James Hamilton PhD student, teacher, programmer

# Finding Dynamic Graph Watermarks With Maximal Slices

My previous post gave an overview of the graph visualisation techniques I've been using recently. Here's a more in-depth look at a program watermarked with the dynamic graph watermarking algorithm (as implemented in Sandmark). Is it stealthy? The short answer is 'no'. Here's why...

Take a look again at the maximal slice graph of the original and watermarked programs:

TTT Maximal Slice Graph TTT-WM Maximal Slice Graph

The first graph depicts the TTT test jar containing a Swing application, a command-line application and an applet - this explains the three large clusters. The command-line application uses several classes which explains why one set of slices isn't as tightly clustered as the other two large clusters. The second graph depicts the same TTT test jar watermarked with the dynamic graph watermarking algorithm using Sandmark. In this 2nd graph the watermark maximal slice (let's call it SLwm) clearly stands out. But why?

There are two attributes of SLwm which are different from other maximal slices in the program jar. The first is the size of the maximal slice: this maximal slice contains 430 program statements whereas the average for the unwatermarked program is just 19. The second is the average in-degree - SLwm has an average in-degree of 2. The average in-degree of the neighbouring maximal slices is higher.

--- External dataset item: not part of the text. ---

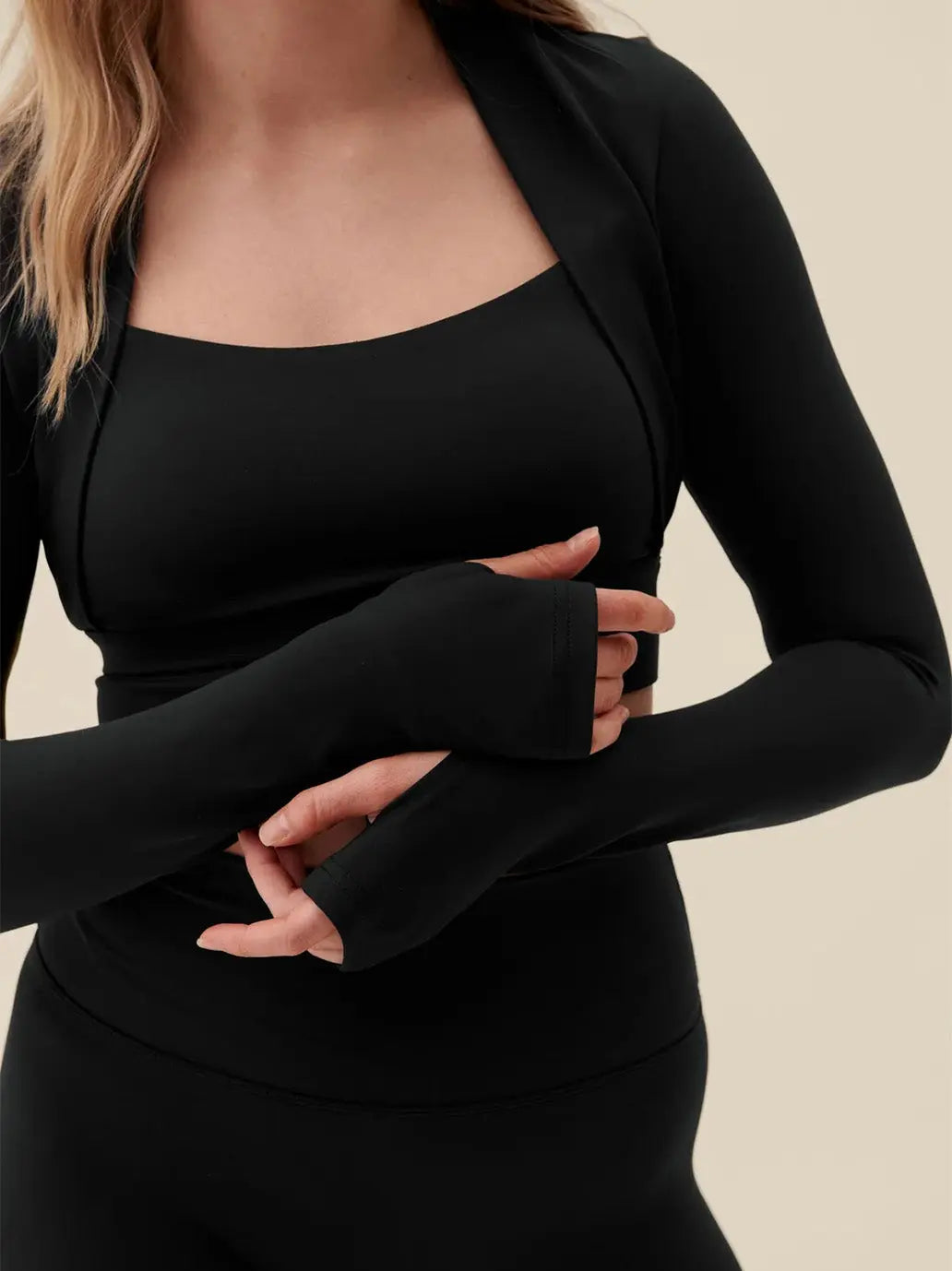 Softsculpt Bolero Long Sleeve Top Sisterly Tribe BEBE Concept 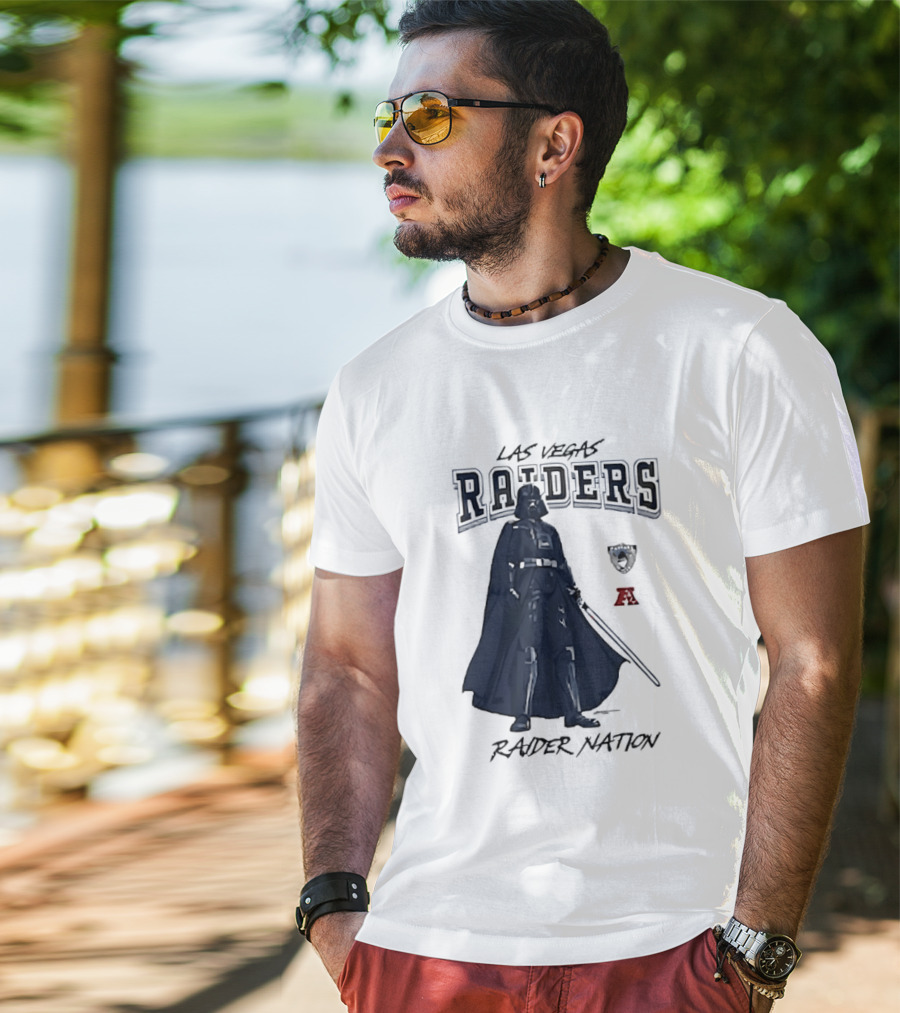 Las Vegas Raiders Raider Nation Darth Vader NFL T-Shirt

Size is an issue for many watermarking algorithms. The dynamic graph watermarking algorithm builds a graph data structure in memory to encode the watermark which leads to a large maximal slice. Many of the statements in SLwm are only in that slice (some are shared by other maximal slices due to the use of opaque predicates). This means that the in-degree of most of the statements in SLwm is 1 (an edge between a and b means that b is in the slice of a). It would be better if the watermark code could be split up, so that there isn't one large watermark slice.

So, watermarks produce large maximal slices where the majority of statements are in that one slice. I've tried to depict this on this graph below, where each node is a maximal slice and two nodes are connected if the maximal slices intersect. The size of the node corresponds to the size of the maximal slice while the colour of the node corresponds to the average in-degree (white is low, black is high).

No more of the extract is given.